Zachary Kanin is an American writer, producer, and cartoonist. He is a former SNL staff writer and the co-creator, producer, and writer of Detroiters and I Think You Should Leave with Tim Robinson.

Early life and education 
Kanin was born in Washington, D.C. to Dennis R. Kanin and Carol Kanin, and was raised in Newton, Massachusetts. His maternal grandfather is former Rhode Island governor Frank Licht. Kanin began drawing as early as preschool.

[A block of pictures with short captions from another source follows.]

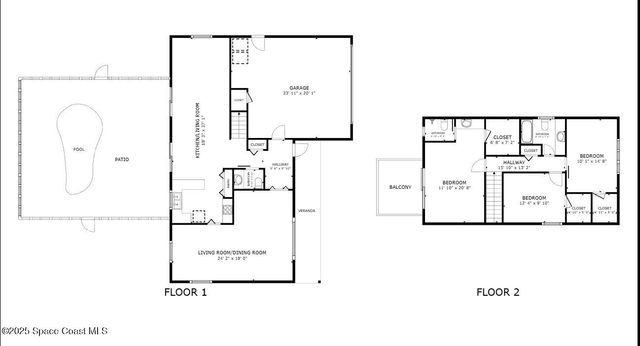 310 Sherwood Place, Merritt Island, FL 32953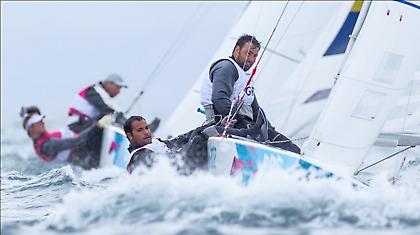 Πτώση για Παπαθανασίου/Τσότρα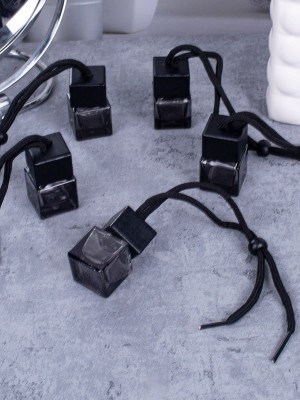 Автофлаконы черное стекло 7 мл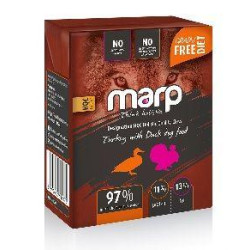 Marp Holistic krůta s kachnou tetrapak 375g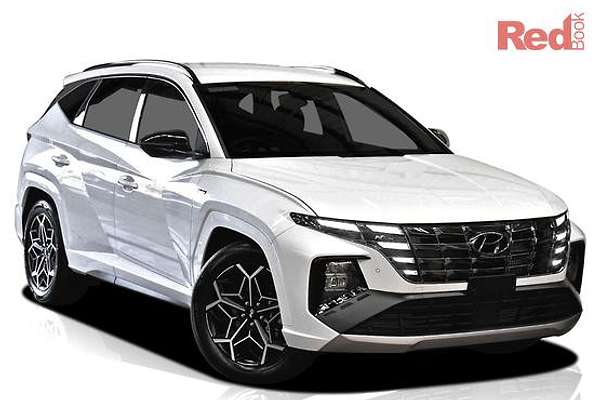 2024 Hyundai Tucson Elite N Line NX4.V2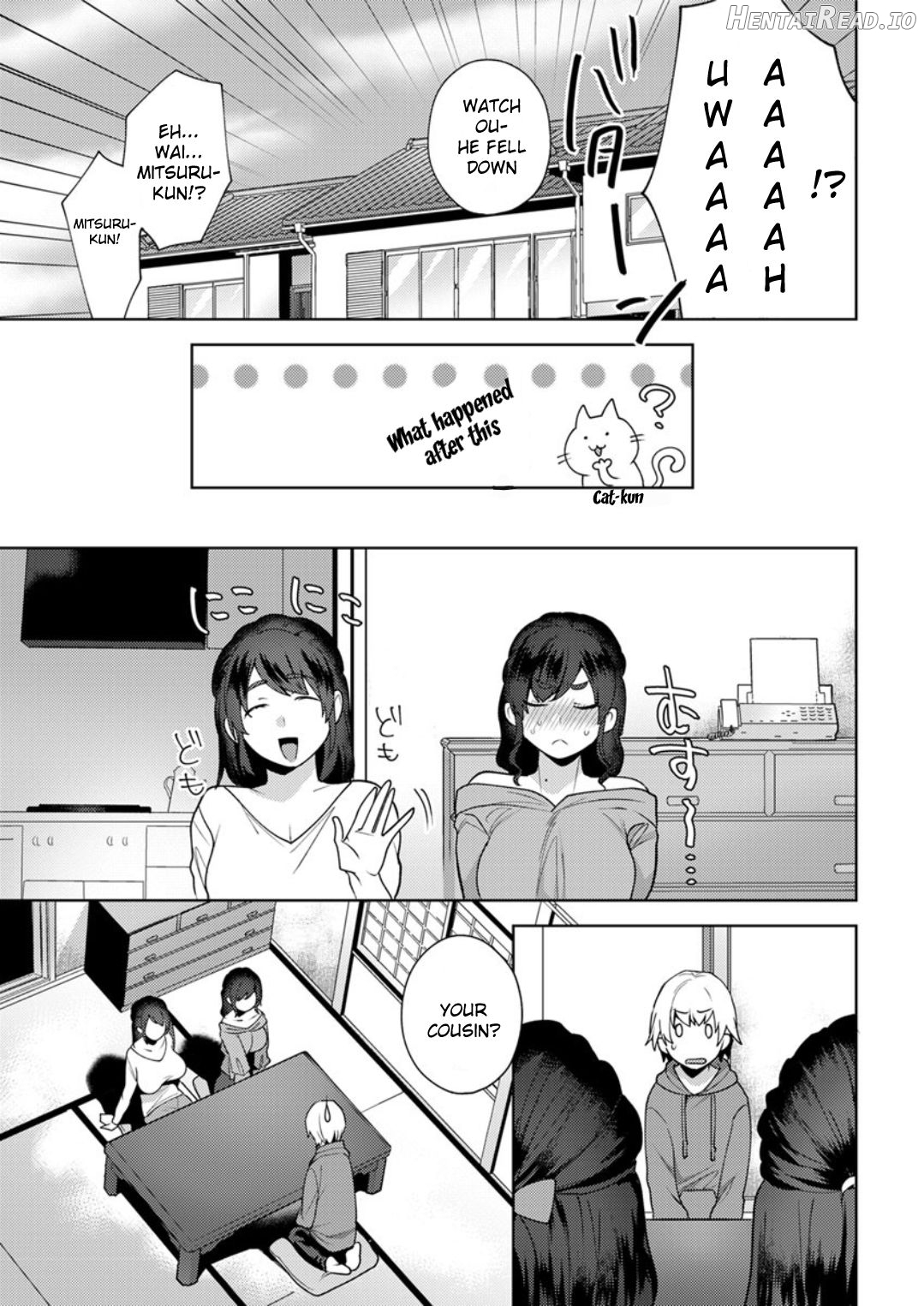 Kanojo no Jijou Chapter 2 - page 15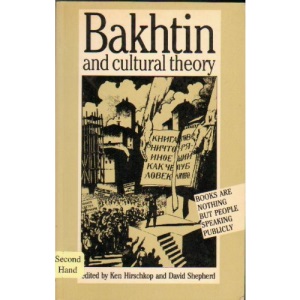 Bakhtin and Cultural Theory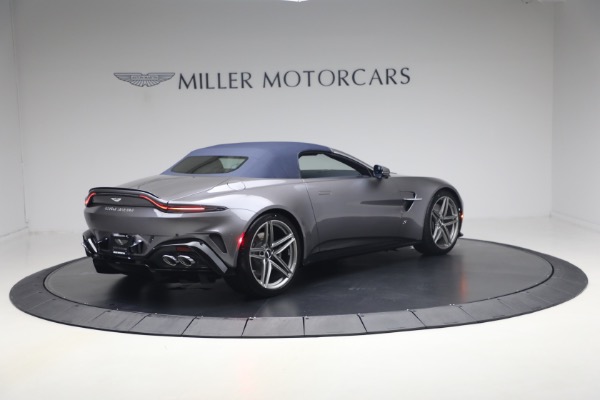 New 2026 Aston Martin Vantage S Roadster for sale $277,680 at Alfa Romeo of Greenwich in Greenwich CT 06830 17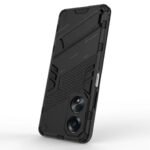 ZORVEX - (ELEGANT ARMOUR EDITION) MOBILE BACK COVER FOR OPPO A58 4G - 6.72 INCHES - Image 10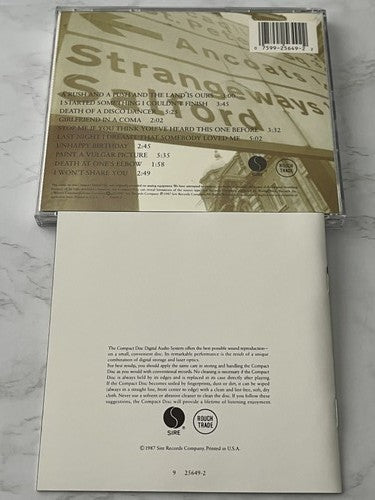 The Smiths – Strangeways Here We Come (1987)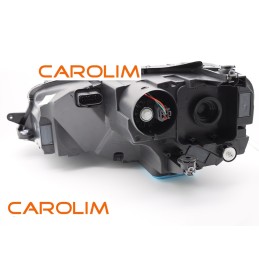 Volkswagen Golf 7 DRL led esituled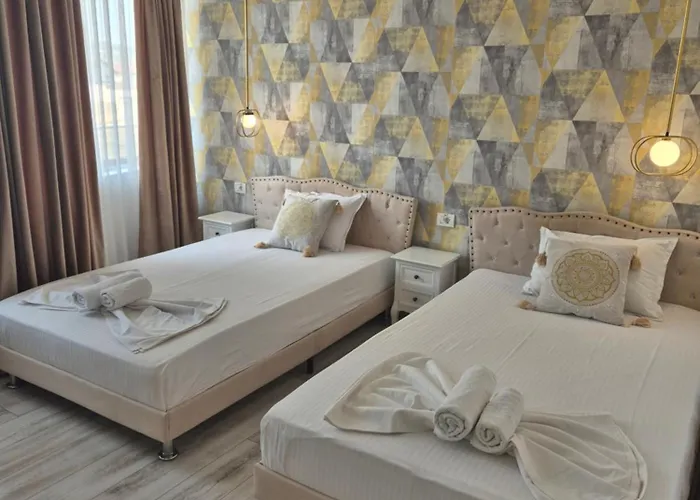 Caprice Deluxe Accomodation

He attended Harvard University and received his degree in English. He joined The Harvard Lampoon in 2002 and later became president.

Career 
Kanin worked as an assistant to The New Yorker's cartoons editor, Robert Mankoff for two years after college. Eventually, Kanin began to submit his own work for publication. He has published approximately 300 cartoons in The New Yorker as of 2014. The style of his cartoons was described by Richard Gehr of The Comics Journal as "a slightly surreal place where things have gone sometimes seriously awry."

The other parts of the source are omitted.